EE.UU.: el Senado aprueba la reforma financiera

El secretario del Tesoro, Timothy Geithner, hizo una declaración ante la prensa tras conocer la noticia.
Image caption Geithner dijo que el siguiente paso es un tratado internacional que endurezca el negocio bancario.

El Senado de Estados Unidos aprobó este jueves por 60 votos a favor y 39 en contra una ambiciosa reforma del sistema financiero estadounidense, dejando el texto de 2.300 páginas listo para que lo firme la semana que viene el presidente Barack Obama.

La compleja reforma, que se hará realidad tres años después del comienzo de la crisis financiera, establece límites a la actividad de los bancos y ofrece más protección a los consumidores, con la esperanza de evitar que se produzca una nueva crisis del sistema financiero como la desencadenada en 2008.
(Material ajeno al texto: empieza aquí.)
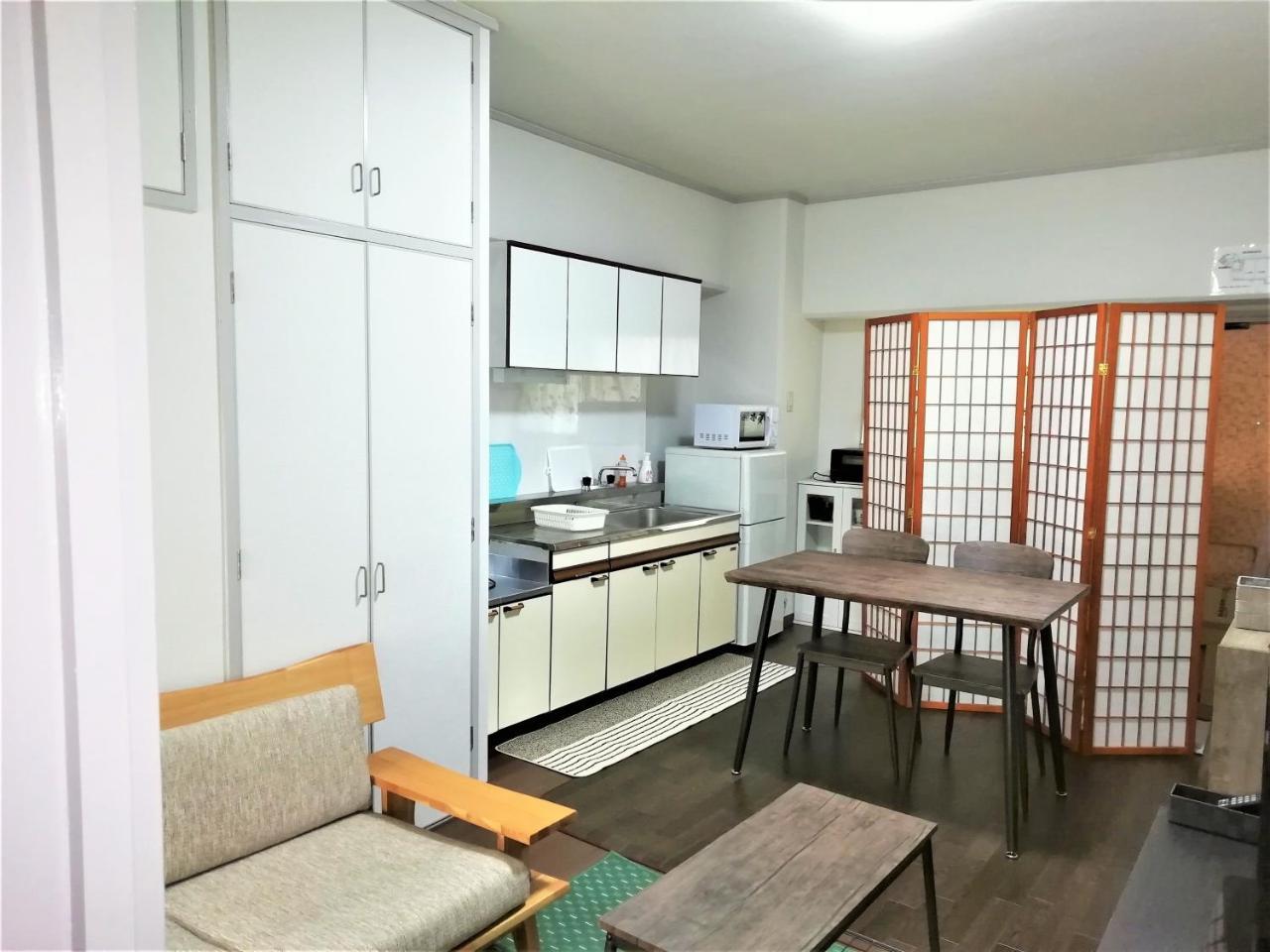Near Tram Apartment Окаяма Экстерьер фото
La votación en el Senado pone fin a más de un año de debate parlamentario que comenzó cuando el presidente Barack Obama propuso la reforma en junio de 2009. La Cámara de Representantes la aprobó el mes pasado.

"Lamento que no podamos recuperar sus empleos, devolverles las casas embargadas o poner dinero en sus cuentas de jubilación", dijo el senador demócrata, Christopher Dodd, uno de los impulsores del proyecto. "Lo que podemos hacer es ver que nunca jamás pasemos por lo que este país pasó", añadió.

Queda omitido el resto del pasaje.